His creations now inhabit the landscape from which they were originally drawn, be it the giant jackrabbits in Tempe, the javelins group at the Desert Museum or the more than 40 pieces commissioned for placement at the visitors center at Red Rock Canyon in Nevada.
He works from a studio of unassuming façade a little north of Grant near Speedway. But inside, as I found on a recent visit, it’s as if the artist’s mind has taken on physical form in an explosion of objects and works in progress crowding the walls, benches and floor.

Mark Rossi with work in progress
A giant Chuckwalla lizard head dominates one table, a proliferation of red clay works of birds, mammals and reptiles are seemingly scattered about, two rattlesnake figures fairly slither across one work table near a life sized portrait of a distinguished looking man.
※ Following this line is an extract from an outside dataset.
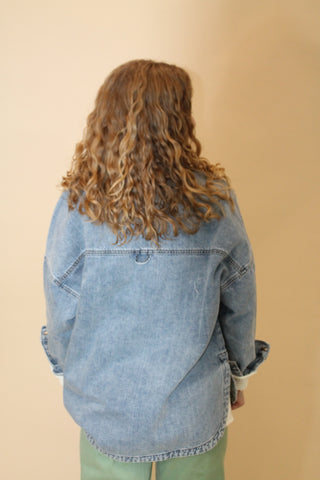 Person wearing a denim jacket from an overhead perspective on a beige background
The eye is besieged. Chaos. And on closer examination, the beauty Rossi painstakingly imparts to the details that make up the whole of his art.

Chuckwalla lizard, work in progress

"Administrative Co-Op" Harris' Hawks body-stacking by Mark Rossi

Peregrine Falcon with Prey by Mark Rossi
Chaos, Rossi says, is the first impression offered by the natural world. But beauty, he has learned, “is mother nature’s grandmother.” His work distills the elegant from the confused, discovers the simple in the complex, finds beauty in chaos.
“Our family always lived near open land,” Rossi says, “on a creek in Colorado, in woods in Oklahoma, and at Catalina State Park when I first moved to Tucson. I’ve spent a lot of time in the desert.”
And he spent a lot of time at the side of his father, Southwestern artist and sculptor Paul Rossi, also former Director of the famed Thomas Gilcrease Institute of American History and Art in Tulsa. The influence runs to the third generation, as Mark’s sons Karl and Thomas are both artists in their own right. (Visit their website here.)

Reclining Jackrabbitt, six times life size by Mark Rossi

Portraits of writer Frank Waters by Mark Rossi
Part of the reason for the proliferation in Rossi’s studio is that he likes to work on large and small pieces at the same time. It’s his way of avoiding the artist’s pitfall of sketching and erasing the same drawing so frequently that the work is destroyed. “It keeps my hand energized and free enough” to work fluidly, he says.

Kit Fox by Mark Rossi
His work can now regularly be found at galleries from Vermont to California, Florida to Idaho. It is an attraction at our own Reid Park Zoo and at counterparts in Philadelphia and San Diego.
And even though he has done hundreds and even thousands of individual pieces, no formulaic restriction characterizes his work. “I think I’m sticking my neck out on everything I do,” he says.
Finally, for Rossi, there’s the satisfaction that the beauty he’s captured from nature is realized in bronze, giving his work as permanent a life as this life allows.